Well, I lost it, I went totally bananas. I lit into them, and I said: "This is outrageous, this kind of demonization of Rush Limbaugh! How many people in this room have actually listened to his program?" One hand, all right? "How many people here have looked at his books, which are bestsellers?" No one. "You are supposed to be here at the Kennedy School of Government as experts in contemporary politics, contemporary cultural issues, right? Do you understand that when you have that attitude toward Rush Limbaugh, you are insulting and demeaning and excluding the millions of his listeners? There's an entire world out there in America that you have no knowledge of!"
Of course, everything I said that evening was a prophecy, because later in the year when the Republican sweep went through and Rush Limbaugh was celebrated in Washington, I'm sure my words came back to haunt many of those people. Suddenly all the media were like, "What happened? We don't understand any of this at all!"
Anyone who had been listening to Rush Limbaugh, monitoring what was going on on The Rush Limbaugh Show with an open mind, would not have been surprised with the Republican sweep. One saw it building for years. There was no surprise in that sweep to anyone who had been intelligent enough to be interested in the general culture outside of this Washington-New York-Cambridge insular, arrogant little coterie.
Reason: You're proud to say you watch television.
Paglia: I love television. I love soap operas. I love The Young and the Restless. It's my favorite show. I love everything about television. The ads. I love the glitzy part of TV. I love Hard Copy. I learn a lot of things from Hard Copy. You'd be surprised. Television to me is the culture.
In point of fact, that is where politics is being decided, for good or for ill. The TV screen is now like the national community forum. It's a way that people test out candidates. Without television, Clinton could have never won the presidency. We watched him being tested over time.

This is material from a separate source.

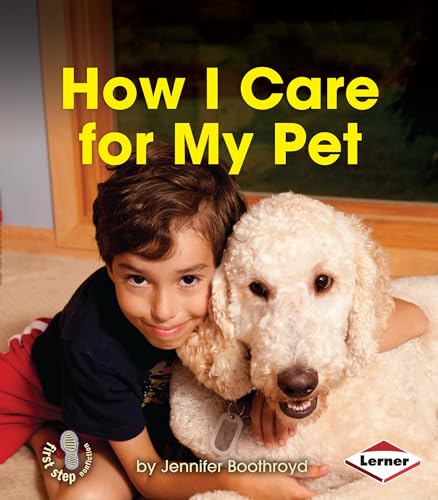 Pet Care Essentials: A Guide to Responsibility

I just don't believe that television has been negative. In fact Marshall McLuhan quite correctly pointed out--a thought I had independently--that Hitler could never have risen if television had existed, because Hitler would not work well on TV. He was primarily an orator. If you really look at him up close, he looks ridiculous. So I think especially now with C-SPAN--my God, what a change! C-SPAN has allowed us to really look unedited at major news events, even minor news events, and then to compare how they're reported on the major network news shows. We see that kind of naked bias and manipulation of the news that I was very aware of as a student of TV and an admirer of TV.
Reason: In a lot of your writings, you have at best an ambivalent and at the extreme a very hostile view of the professional workplace, of office life. I'm curious about that.
Paglia: I've had a tremendous struggle, just because of my personality type, with doing well in that kind of a group situation. I feel very claustrophobic in an office environment. One of the first jobs that I got fired from was at a payroll office. I hated being in this large room with other people. I got fired because I wasn't good at it.
What I am talking about is the committees that I have been forced to sit on in the academy. I do not work well in meetings or committees. I'm an inflammatory type. I get very impatient. I think people are wasting time. My attitude toward committees is, "Just give me all the work and I'll do it! I'll do it in less time than it takes us to talk about what we're going to do!" I'm terrible.
It's not that I have a hostility to office life, it's just that I'm personally temperamentally unsuited to that kind of just sitting there for hours letting your rear end go dead. I'm very restless physically. I want to be moving. I don't like to be kept in a room with people for that long.